North Korean leader stresses preparedness in responding to US in his first direct statement since Joe Biden became president.
North Korean leader Kim Jong Un has said his country needs to prepare for “both dialogue and confrontation” with the United States under President Joe Biden, state media reported on Friday.
At a plenary meeting of the central committee of the governing Workers’ Party of Korea on Thursday, Kim outlined his strategy for relations with Washington, and the “policy tendency of the newly emerged US administration”, the Korean Central News Agency said.
The comments mark the first time Kim has made a reference to the country’s policy towards the US since the inauguration of US President Joe Biden.
Kim “stressed the need to get prepared for both dialogue and confrontation, especially to get fully prepared for confrontation in order to protect the dignity of our state” and reliably guarantee a “peaceful environment”, KCNA reported.
The North Korean leader “called for sharply and promptly reacting to and coping with the fast-changing situation and concentrating efforts on taking stable control of the situation on the Korean peninsula”, the agency said.
Pyongyang had already accused Biden of pursuing a “hostile policy” and saying it was a “big blunder” for the veteran Democrat to say he would deal with the threat posed by the North’s nuclear programme “through diplomacy as well as stern deterrence”.
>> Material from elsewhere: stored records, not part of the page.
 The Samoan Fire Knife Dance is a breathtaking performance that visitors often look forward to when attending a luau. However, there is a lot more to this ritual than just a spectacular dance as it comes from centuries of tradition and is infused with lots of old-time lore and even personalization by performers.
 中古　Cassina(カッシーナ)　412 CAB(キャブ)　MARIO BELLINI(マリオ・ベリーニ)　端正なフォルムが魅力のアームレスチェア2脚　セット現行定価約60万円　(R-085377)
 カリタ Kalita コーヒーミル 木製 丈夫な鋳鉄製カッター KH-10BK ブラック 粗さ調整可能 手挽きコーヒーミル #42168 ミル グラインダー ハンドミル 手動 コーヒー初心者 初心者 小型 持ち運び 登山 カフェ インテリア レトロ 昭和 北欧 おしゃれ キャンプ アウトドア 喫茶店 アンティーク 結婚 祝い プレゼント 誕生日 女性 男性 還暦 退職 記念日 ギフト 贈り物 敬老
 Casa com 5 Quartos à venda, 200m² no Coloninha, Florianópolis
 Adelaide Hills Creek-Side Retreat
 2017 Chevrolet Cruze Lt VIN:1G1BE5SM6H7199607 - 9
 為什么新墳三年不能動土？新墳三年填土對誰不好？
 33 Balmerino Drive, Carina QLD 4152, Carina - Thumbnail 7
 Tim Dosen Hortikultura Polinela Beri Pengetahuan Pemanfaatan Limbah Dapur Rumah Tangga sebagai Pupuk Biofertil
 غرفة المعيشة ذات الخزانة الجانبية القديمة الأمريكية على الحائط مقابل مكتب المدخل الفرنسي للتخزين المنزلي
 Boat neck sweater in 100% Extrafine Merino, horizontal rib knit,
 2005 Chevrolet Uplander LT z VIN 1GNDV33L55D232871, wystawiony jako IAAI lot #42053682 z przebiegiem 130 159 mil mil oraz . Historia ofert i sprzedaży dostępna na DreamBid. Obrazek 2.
In 2019, the North said Biden should be “beaten to death with a stick”.
‘Calibrated’ approach
Biden’s predecessor Donald Trump made headlines – but little diplomatic progress – with a series of face-to-face meetings with Kim, an approach that Biden has said he will not pursue unless the terms change dramatically.
During a visit to Washington last month by South Korean President Moon Jae-in, Biden said he “would not meet” Kim unless there was a concrete plan for negotiating on Pyongyang’s nuclear arsenal.
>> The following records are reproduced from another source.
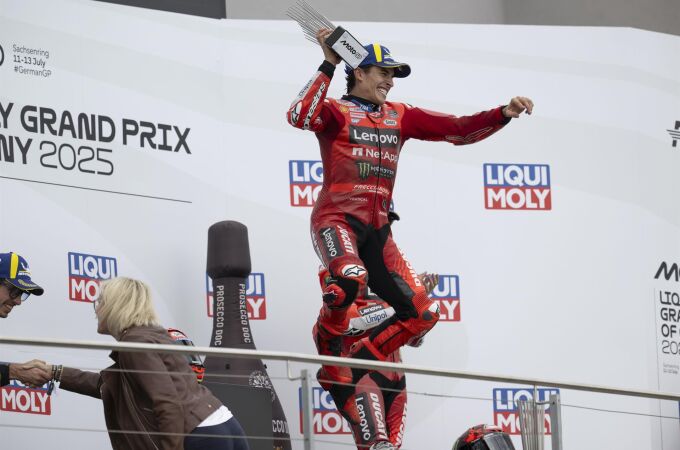 Marc Márquez completo en Brno su quinto doblete consecutivo 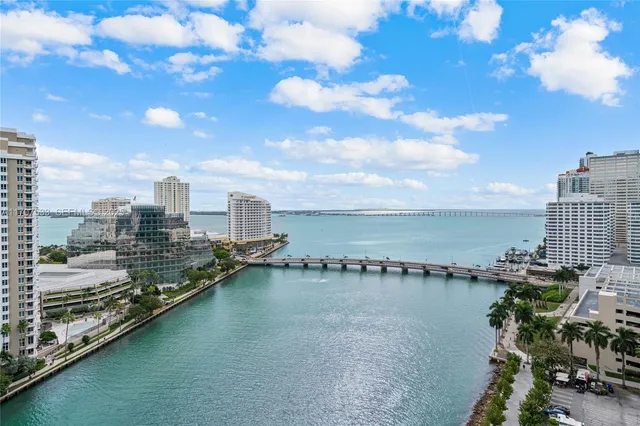 2-bedroom home at 495 Brickell Avenue #1702, Miami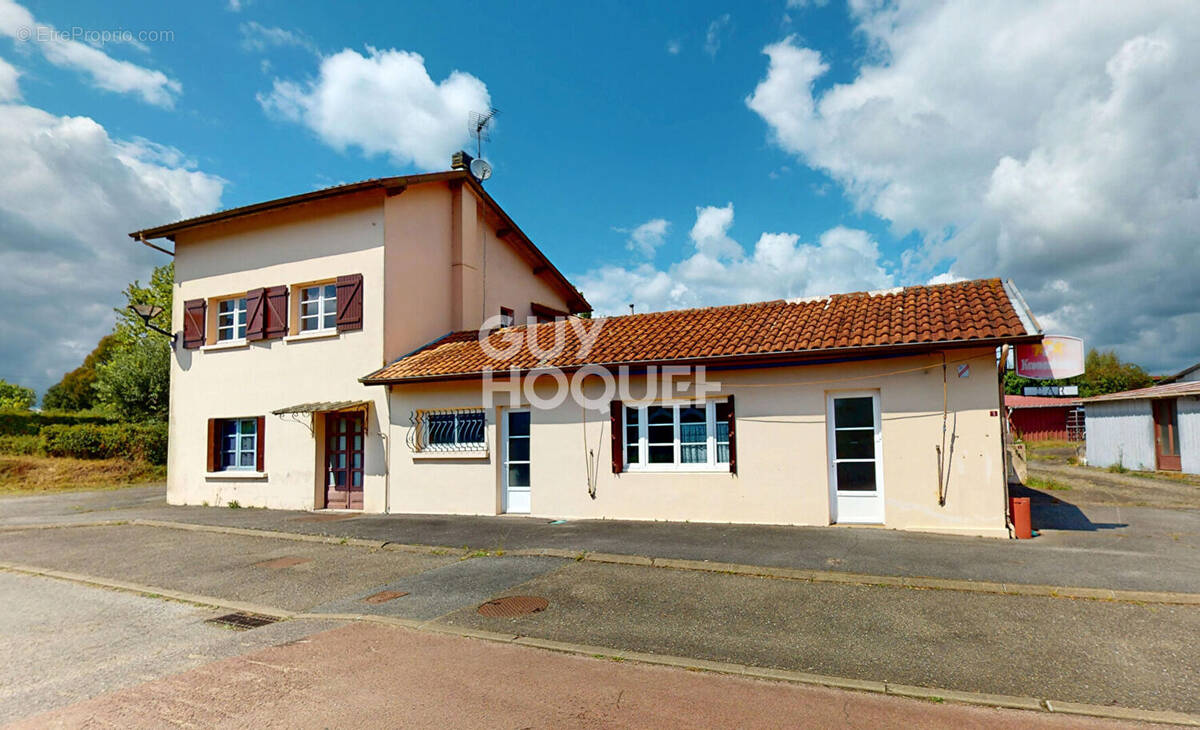 Maison à HAGETMAU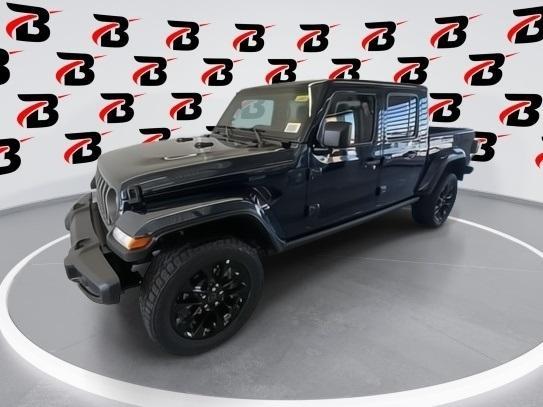 new 2025 Jeep Gladiator car, priced at $41,900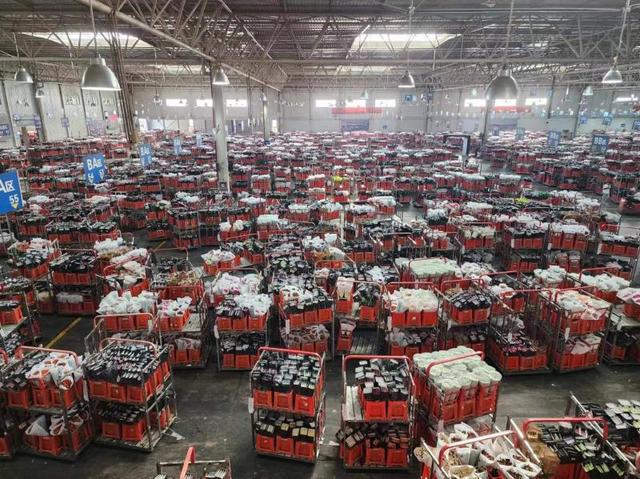 一年售出135亿枝鲜切花云南昆明花卉产业链带动百万人就业(图3)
And he made a clear criticism of Trump’s chummy relationship with Kim, saying he “would not do what had been done in the recent past. I would not give him all he’s looking for – international recognition.”
The White House said it is now pursuing “a calibrated practical approach” – seemingly keeping expectations realistically low, while remaining open-minded.
“We understand where previous efforts in the past had difficulties and we’ve tried to learn from those,” a senior White House official said.
During South Korean President Moon Jae-in’s visit to the US in May, Biden said he ‘would not meet’ the North Korean leader unless there was a concrete plan for negotiations on Pyongyang’s nuclear arsenal [File: Alex Brandon/AP]
North Korea has carried out six atomic bomb tests since 2006, and is under multiple sets of international sanctions for its banned weapons programmes.A report from US intelligence experts released in April said North Korea could resume nuclear tests this year as a way to force Biden’s administration to return to the negotiating table.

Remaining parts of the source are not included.